Vu qu'elle reste "considérée comme un affichage, un supplément d’âme, ou un exercice formel de conformité à une grille de questions", la RSE qui se développe depuis quelques années n'y ferait rien, exposent les rapporteurs. Et de prédire que la méfiance subsistera tant que l'on n'ira pas creuser dans le dur, tant que la loi "figurera une entreprise libre et irresponsable". "Ce serait la première fois que l’on inscrirait dans le marbre le concept social et environnemental, en modifiant le code civil, ce n’est pas banal", martèle le patron de Michelin.

Article 1833

Avec Nicole Notat, ils suggèrent d'ajouter une seconde phrase à l'article 1833 du code civil :

Toute société doit avoir un objet licite et être constituée dans l'intérêt commun des associés.

La société doit être gérée dans son intérêt propre, en considérant les enjeux sociaux et environnementaux de son activité.

Pour entrer dans cet article – qui est, en substance, inchangé depuis 1804 –, "chaque mot a été pesé", insistent-ils. "En considérant" doit ainsi se lire comme une obligation de moyens et non de résultat. "Les enjeux" renvoient au fait que "les dirigeants doivent avoir une considération pour les risques sociaux et environnementaux et les opportunités sociales et environnementales de leur activité". "Son activité", en parlant de l'entreprise, permet de cadrer les enjeux : "il ne s’agit pas de discussions vagues sur les tenants et les aboutissants d’un phénomène social ou environnemental, mais d’une attention proportionnelle au modèle économique de l’entreprise".

"Raison d'être" dans le code du commerce…

Deuxième des recommandations hiérarchisées : aller gratter dans la pierre du code de commerce.
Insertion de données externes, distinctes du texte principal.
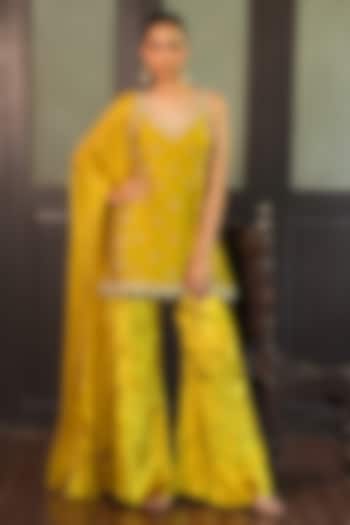 Lime Green Glass Tissue Silk Pearl Embroidered Tunic Set by EnamourByRadha at Pernia's Pop Up Shop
Un article clé, le L.225-35 serait amendé pour responsabiliser les conseils d’administration et de surveillance en leur demandant de déterminer la "raison d'être" de l'entreprise.

Le conseil d'administration détermine les orientations de l'activité de la société en référence à la raison d'être de l'entreprise et veille à leur mise en œuvre, conformément à l'article 1833 du code civil.
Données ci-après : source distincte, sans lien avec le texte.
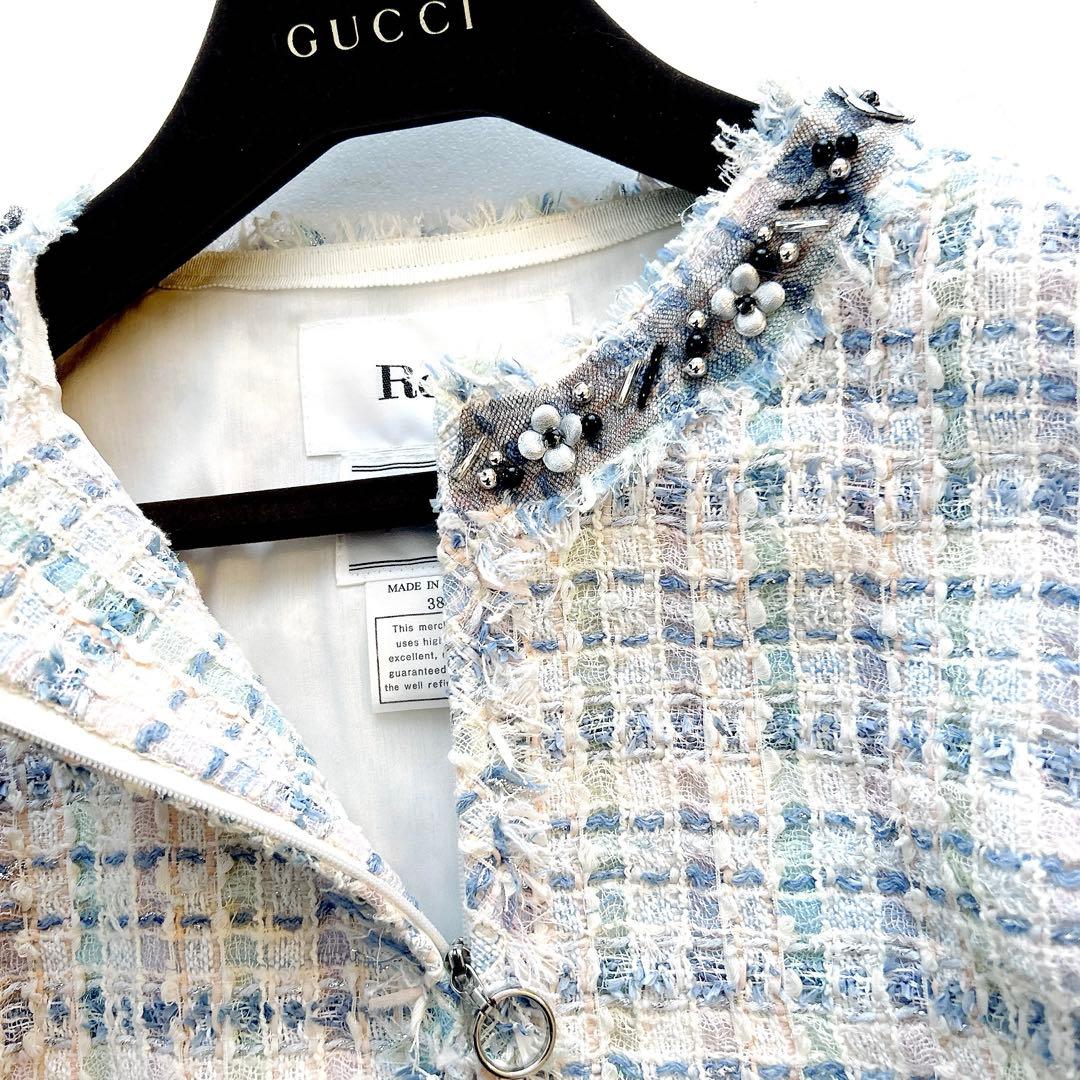 希少✨ルネマリアケントツイードジャケットお花ノーカラー最高級ファンシーツイード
Il s'agit de "redonner de la substance à l’entreprise". Pour le dirigeant qu'est Jean-Dominique Senard, c'est cette "perspective" qui permet notamment de "créer l’engagement des équipes des entreprises dans le monde". "Expression d'un futur désirable pour le collectif" et transposition de la notion de "purpose" anglo-saxon, la "raison d'être" doit libérer la stratégie de l'entreprise des résultats financiers court-termistes en lui permettant de voir plus loin.

"Ce n'est pas en soi un objet nouveau, préviennent les rapporteurs. C’est son introduction dans le droit et dans la gouvernance des entreprises qui est particulièrement innovante."

… et dans le code civil, pour les entreprises "à mission"

Jean-Dominique Senard et Nicole Notat, après plus de 200 auditions en deux mois, dont de nombreux juristes, ont choisi de ne pas créer un nouveau statut d'entreprises "à mission", à côté de celui de SA ou SARL, comme cela a pu être évoqué. Ils ouvrent tout de même une brèche en proposant de "confirmer à l’article 1835 du code civil la possibilité de faire figurer une 'raison d’être' dans les statuts d’une société, quelle que soit sa forme juridique, notamment pour permettre les entreprises à mission".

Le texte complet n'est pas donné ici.